My claim is that the Manifest organizers should have the right to invite him even if he'd said that more recently. But appreciate you giving your perspective, since I did ask for that (just clarifying the "agree" part).

Having said that, given that there is a very clear non-genocidal reading, I do not think it is a clear example of hate speech in quite the same sense as Hanania's animals remark

I have some object-level views about the relative badness but my main claim is more that this isn't a productive type of analysis for a community to end up doing, partly because it's so inherently subjective, so I support drawing lines that help us not need to do this analysis (like "organizers are allowed to invite you either way").
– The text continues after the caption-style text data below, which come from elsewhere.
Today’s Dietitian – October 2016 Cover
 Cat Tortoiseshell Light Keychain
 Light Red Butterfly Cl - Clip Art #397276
Why doesn't this imply that EA should get better at power struggles (e.g. by putting more resources into learning/practicing/analyzing corporate politics, PR, lobbying, protests, and the like)?

Of course this is all a spectrum, but I don't believe this implication in part because I expect that impact is often heavy-tailed. You do something really well first and foremost by finding the people who naturally inclined towards being some of the best in the world at it. If a community that was really good at power struggles tried to get much better at truth-seeking, it would probably still not do a great job at pushing the intellectual frontier, because it wouldn't be playing to its strengths (and meanwhile it would trade off a lot of its power-seeking ability). I think the converse is true for EA.
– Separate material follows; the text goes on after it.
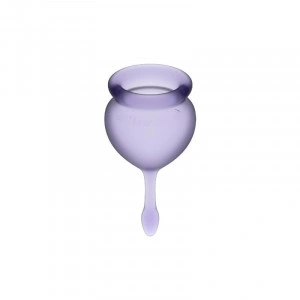 Satisfyer Sentir Bom Menstrual Cup Roxo 15 + 20Ml - Img 4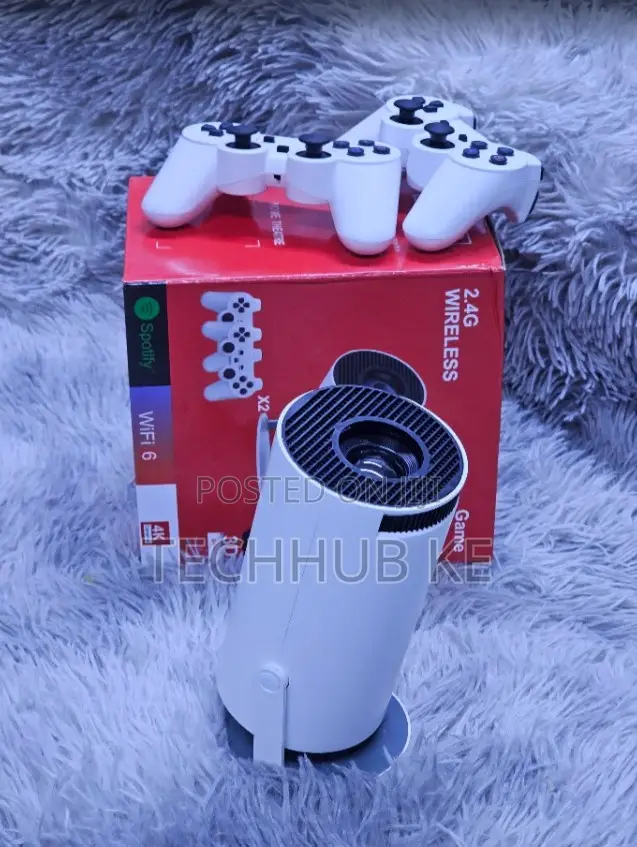Portable HY300 Gaming Android Projector WiFi 6 Bluetooth Min Projector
I broadly endorse Jeff's comment above. To put it another way, though: I think many (but not all) of the arguments from the Kolmogorov complicity essay apply whether the statements which are taboo to question are true or false. As per the quote at the top of the essay:

"A good scientist, in other words, does not merely ignore conventional wisdom, but makes a special effort to break it. Scientists go looking for trouble."

That is: good scientists will try to break a wide range of conventional wisdom. When the conventional wisdom is true, then they will fail. But the process of trying to break the conventional wisdom may well get them in trouble either way, e.g. because people assume they're pushing an agenda rather than "just asking questions".

The main alternative to truth-seeking is influence-seeking. EA has had some success at influence-seeking, but as AI becomes the locus of increasingly intense power struggles, retaining that influence will become more difficult, and it will tend to accrue to those who are most skilled at power struggles.

I agree that extreme truth-seeking can be counterproductive. But in most worlds I don't think that EA's impact comes from arguing for highly controversial ideas; and I'm not advocating for extreme truth-seeking like, say, hosting public debates on the most controversial topics we can think of. Rather, I think its impact will come from advocating for not-super-controversial ideas, but it will be able to generate them in part because it avoided the effects I listed in my comment above.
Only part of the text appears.